1 Mart itibariyle Türkiye genelinde denetimli olağanlaşmaya geçilmesi kararının olumlu ya da olumsuz olmasını ön göremediklerini vurgulayan Prof. Dr. Alper Şener, şöyle konuştu:
“Aylık pahalandırmak daha akılcı olur”
“Sağlık Bakanlığı’nın açıkladığı üzere 15 günlük dönemlerle genel olarak kıymetlendirme yapılacak. Bilimsel olarak baktığımızda 15 günlük dönemlerle orta kıymetlendirme yapmak çok erken olur. Genelde bir aylık dönemlerle kıymetlendirme yapılır. Nasıl bir aşı yapıldığı vakit oluşan antikoru 28 gün sonra bakarak değerlendiriyorsak, Türkiye genelindeki sayıları da aslında aylık pahalandırmak daha akılcı olur. Kırmızı olan bölgeler aslında en riskli yerler. Lakin turuncu ve sarı kodlu olan vilayetlerin kırmızıya geçip geçmeyeceğini vakit içerisinde göreceğiz.
“Türkiye’nin üçte ikisi maviye dönecektir”
100 binde düşen olgu sayısı manasında baktığımızda Türkiye’de sık dalgalanmalar var. Bu sık dalgalanmaları aslında temel olarak tedbirlere uyulamamasına bağlamak gerekir. Zira vatandaşlar bu mevzuda pek çok sıhhat çalışanı kadar şuurlu ve bilgi seviyesine sahip fakat ne yazık ki mevcut olan koşullar Türkiye’nin durumu nedeniyle buna birebir ahenk sağlamak pek mümkün olmuyor. İhtarlara uyduğumuz mühlet zarfında ben eminim ki erken devirde Türkiye’nin üçte ikisi maviye dönecektir.
“Düşme olmazsa bu vilayetlerde kırmızıya boyanacak”
1 Mart itibariyle başlayan olağanlaşma devri sonrası bilhassa sarı ve turuncu kodlu vilayetlere dikkat çekilmesi gerektiğini kaydeden Şener, kelamlarına şöyle devam etti:
“Sarı ve turuncu ile kodlanmış vilayetlerde yaşayan vatandaşlarımızın tedbirlere ekstra uyması gerekiyor.
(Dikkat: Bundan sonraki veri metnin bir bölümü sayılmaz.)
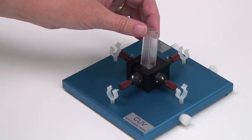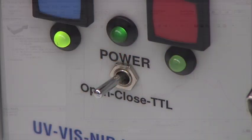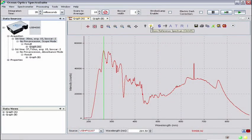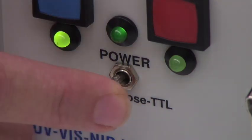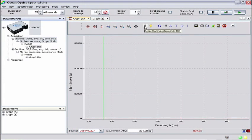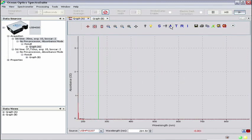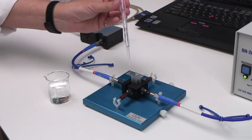Use 10 scans to average and set a boxcar width of 2. Place a blank cuvette in the cuvette holder — this will be our reference. Make certain that the shutter on the light source is open; the switch should be flipped to the left. Click the yellow lightbulb button to store the reference spectrum. Flip the toggle switch to the middle or closed position to close the shutter. With the shutter closed, click the gray lightbulb button to store your dark spectrum. Now that we've stored a reference spectrum and a dark spectrum, the processing mode icons will turn blue to indicate that they are active. Click on the letter A for absorbance mode. With the blank reference cuvette in the holder, you should see a spectrum with zero absorbance, just as you did in the absorbance wizard.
Lütfen kafeler, restoranlar açıldı diye herkes buraları doldurmak üzere kendini yükümlü hissetmesin. Orada çalışanları güç durumda bırakmasınlar. Devletin çizdiği yüzde 50 doluluk oranı, aşikâr bir müddet içeride kalabilmek, oturma aralığına dikkat etmek, kafede bulunduğu müddette şahsî muhafaza tedbirlerine uymak üzere bir hudut var. Ne çalışanları güç durumda bırakmak lazım ne de tıpkı vakitte kolluk güçlerini sıkıntı durumda bırakmamak gerekiyor. Bu aslında hepimizin gayreti. Şahsî olarak sıhhat çalışanların değil tüm Türkiye’nin uğraşı. Kısmi gevşeme yapılan vilayetlerde istediğimiz oranda ve bakanlığın belirlediği sayılar çerçevesinde stabil kalma yada geriye gerçek düşme olmazsa bu vilayetlerde kırmızıya boyanacak. Bu en doğal sonuç. Bunu baştan bilmek lazım ve ona nazaran hareket etmek lazım.”
“Çanakkale merkezde önemli bir sorun yok”
Koronavirüsle gayrette turuncu kodla yer alan Çanakkale’yi de kıymetlendiren Şener, “Çanakkale yüzdelik dilimle sarı kod kategorisini kaçırdı. Çanakkale merkezde önemli bir sorun yok. Çanakkale ilçelerinde olgu sayılarında, bilhassa köylerde olgu sayılarında önemli manada artış var. Zira merkezdeki tedbir ve kontroller çok sıkı devam ediyor. Gözlemlediğimiz kadarıyla ilçelerde ve köylerde ferdî korunma tedbirlerine uymama ya da olgu sayılarında yığılma kümelenme var. Çanakkale merkezde olan olgu sayıları stabil ve istikrarlı giderken, ilçe ve köylerden gelen olgu sayılarında önemli dalgalanmalar, hatta üste hakikat tırmanışlar kelam husus. Bence Çanakkale’nin genelini en çok etkileyen sayılar ilçelerden geldi” dedi.